Me cierro el abrigo, cargo la mochila a mis espaldas, giro el picaporte y vuelvo la vista atrás por un segundo más. Como reza el refrán: «Es de bien nacido ser agradecido».

Los Odegaard ya me esperan en la puerta de su cabaña. Me entregan un macuto con víveres, una escopeta de caza y un bidón de gasolina. Lo cargamos todo en la moto de nieve y nos miramos por última vez para despedirnos, sosteniendo las miradas por un rato largo. Mantenemos el tipo y nos damos un abrazo muy sentido y duradero todos juntos. Nos abrazamos los cuatro a la vez.

Me tomo la licencia de agacharme, revolver el pelo del pequeño y mirarle fijamente a los ojos. Susurro algo entre dientes, pero no me salen las palabras. «Te quiero, vive, sé feliz, cuidaos». Me tomo otra licencia más y me agacho de nuevo para posar mis manos y besar el vientre de embarazada. «Te quiero, vive, sé feliz, cuidaos». Lo deseo de todo corazón.

Cuando me incorporo, ellos me entregan un pequeño colgante con la imagen grabada en plata de una fotografía que nos tomamos todos juntos delante de nuestro hogar. Salimos sonriendo y felices. Me lo anudo al cuello con dedos temblorosos mientras los ojos se empañan inexorablemente y algunas lágrimas caen fugaces en la nieve. Lo conservaré hasta el final, lo llevaré siempre alrededor de mi cuello para no olvidarlos jamás y ser agradecido.

Últimas miradas camino de la moto, cuando me monto sobre ella y cuando arranco. Un gesto con la mano de «adiós» y uno con la boca de «gracias». Ellos no me quitarán la mirada de encima hasta que mi silueta se pierda en la noche y la rojiza luz trasera de la moto deje de brillar en la oscuridad.

«Os quiero. Sed felices. Cuidaos. Vivid».
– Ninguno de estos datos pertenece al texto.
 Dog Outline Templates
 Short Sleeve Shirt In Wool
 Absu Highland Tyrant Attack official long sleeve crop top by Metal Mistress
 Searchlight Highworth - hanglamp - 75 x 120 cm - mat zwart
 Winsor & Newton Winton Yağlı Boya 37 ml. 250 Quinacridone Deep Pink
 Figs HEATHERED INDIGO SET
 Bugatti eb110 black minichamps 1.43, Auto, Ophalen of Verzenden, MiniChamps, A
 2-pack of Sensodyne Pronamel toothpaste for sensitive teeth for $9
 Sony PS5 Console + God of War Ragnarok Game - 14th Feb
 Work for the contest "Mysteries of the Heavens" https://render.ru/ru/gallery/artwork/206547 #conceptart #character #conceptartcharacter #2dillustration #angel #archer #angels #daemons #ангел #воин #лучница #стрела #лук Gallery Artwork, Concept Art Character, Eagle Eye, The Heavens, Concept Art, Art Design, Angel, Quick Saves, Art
Marcho dirección sur con lágrimas en los ojos durante unos pocos kilómetros hasta que alcanzo el borde de la isla. Cargo la moto en una pequeña barcaza de transporte, suelto los cabos que la unen a su pantalán y cruzo por última vez el estrecho de agua semicongelada que separa la isla del continente. Creo que he dicho bien «última vez», aunque nunca se sabe a ciencia cierta. Seguiremos viendo qué depara el futuro hasta que no se pueda ver más.

Tras arribar en tierra firme escaso tiempo después, permanezco atento ante la posible presencia de infectados en el primer pueblo continental. Poco después lo dejo atrás sin mayores complicaciones. El pueblo está barrido ya, como tantos otros que me encontraré por el camino. Tengo por delante un largo y duro recorrido de varios cientos de kilómetros en moto de nieve hasta la frontera con Finlandia. Cruzaré por donde pueda, y conseguiré un vehículo todoterreno para atravesar el país de norte a sur.

Las paradas que realizo para comer, repostar combustible, descansar o chequear el GPS me hacen reflexionar largo y tendido sobre todo lo que he vivido en estas tierras, sobre los lugares y las personas que dejamos atrás, y sobre todas las experiencias de una vida. En la inmensa soledad de aquellos parajes polares es justo (y necesario) recordar el significado de la vida, de tu vida y de todas las vidas del mundo.

Porque el mundo cambia, siempre ha estado cambiando. A veces por guerras, por factores económicos o religiosos; otras, por catástrofes naturales, por pandemias, hambrunas… Lo que es un hecho es que la gente se ha movido, siempre, incluso por inquietudes personales, profesionales o de descubrimiento. Las personas se han mezclado, se han unido sus razas, sus culturas, sus tradiciones, sus conocimientos… Y el mundo se hizo uno. Y aun así, y por todo eso, seguimos viajando. Quizás por amor, por ser felices, por dejar algo malo atrás y encontrar algo bueno más adelante, porque tenemos la vista puesta en el horizonte y los pies listos para avanzar hacia él (aunque nunca podamos alcanzarlo). Quizás el viaje de la vida sea el camino que recorremos, las paradas que hacemos, las personas que nos acompañan. Y el final del trayecto sea solo la muerte. Así que por qué tener prisa en llegar. Disfrutemos del viaje.